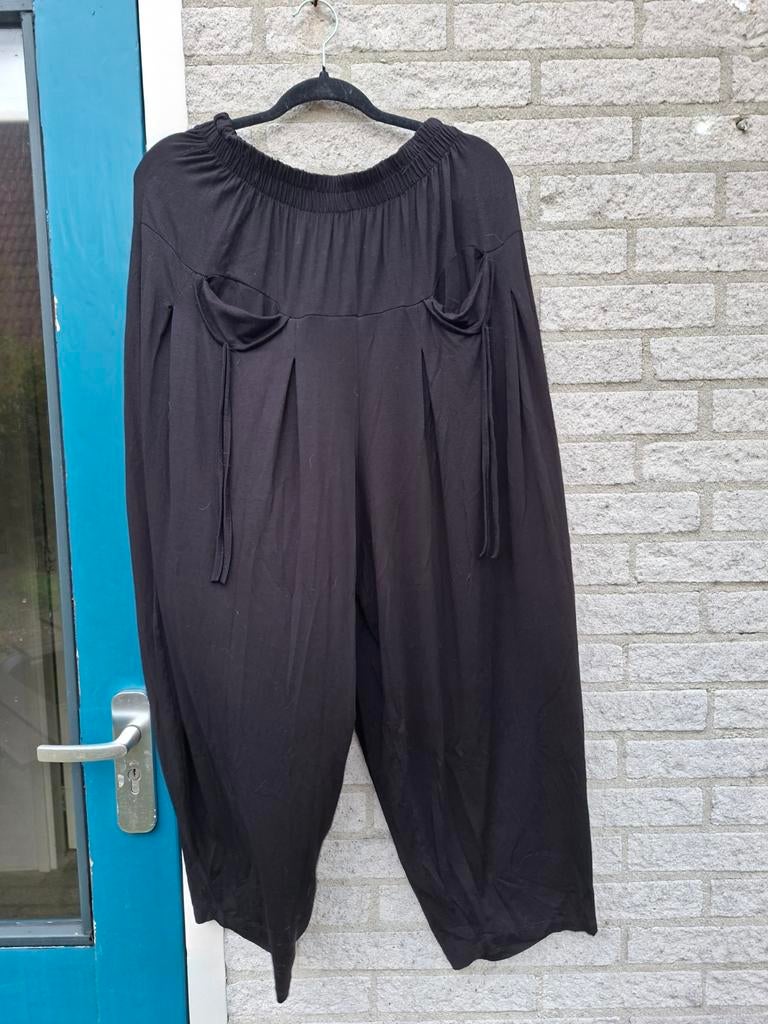 Hele leuke zwarte THOMBIQ POFBROEK, NIEUW, mt 40-48, Maat 38/40 (M), Zwart, Nieuw, Ophalen of Verzenden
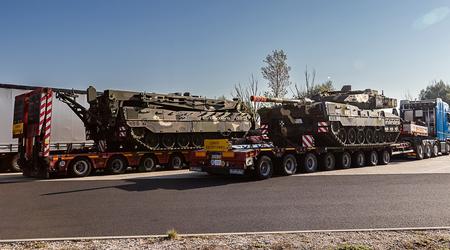 Hungría ha recibido el primero de los 44 carros de combate alemanes Leopard 2A7HU en virtud de un contrato por valor de 565 millones de dólares.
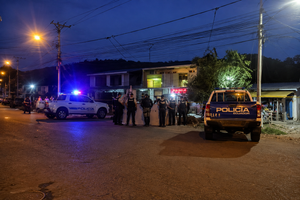 La Policía Nacional investiga el origen de un panfleto amenazante firmado por “El Justiciero”, encontrado junto al cuerpo de Nixon David Borbor Mina, de 31 años, quien fue asesinado la tarde del martes 18 de agosto de 2026 frente a una institución educativa del sector Playa Prieta, en la parroquia Riochico, Portoviejo, provincia de Manabí.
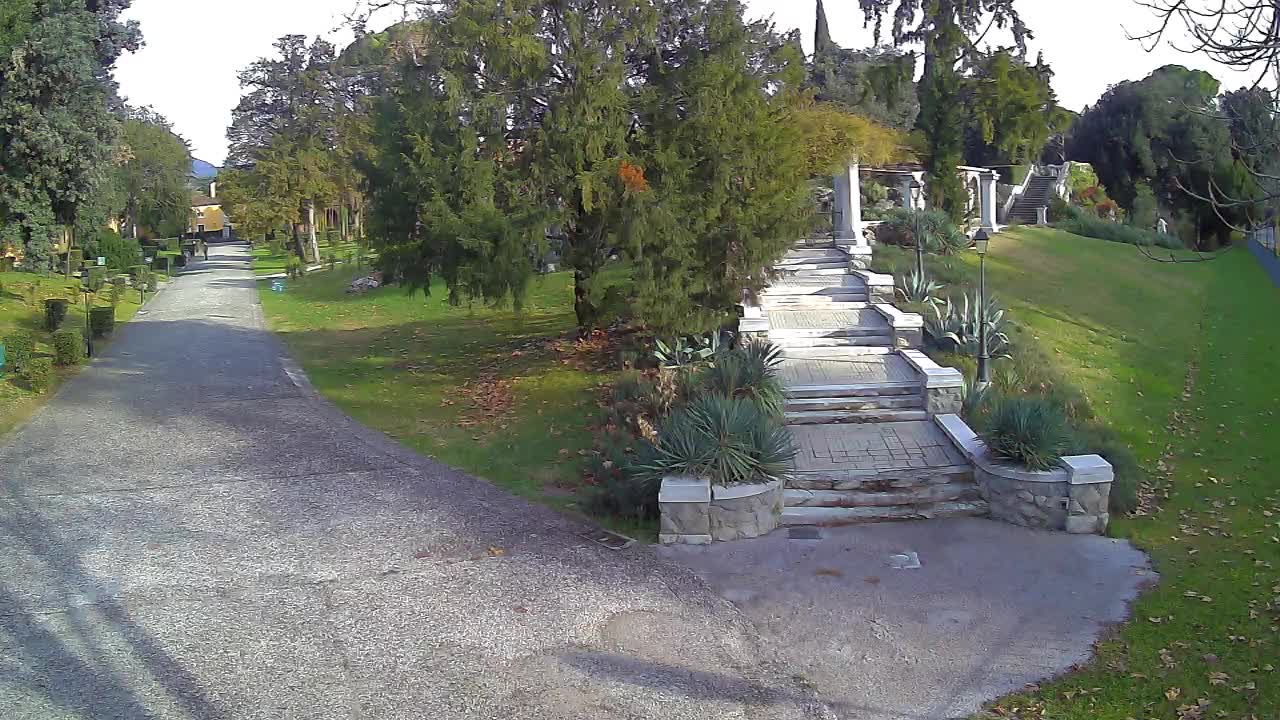 Spletna kamera park Coronini Kronberg – Gorica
--------------------------------------------------
• Problem statement
Skip all pictures. Write out only the lines from the one containing "Hungría ha recibido" to the end of the listing above, inclusive, exactly as given.

• Exercise output
 Hungría ha recibido el primero de los 44 carros de combate alemanes Leopard 2A7HU en virtud de un contrato por valor de 565 millones de dólares.
 La Policía Nacional investiga el origen de un panfleto amenazante firmado por “El Justiciero”, encontrado junto al cuerpo de Nixon David Borbor Mina, de 31 años, quien fue asesinado la tarde del martes 18 de agosto de 2026 frente a una institución educativa del sector Playa Prieta, en la parroquia Riochico, Portoviejo, provincia de Manabí.
 Spletna kamera park Coronini Kronberg – Gorica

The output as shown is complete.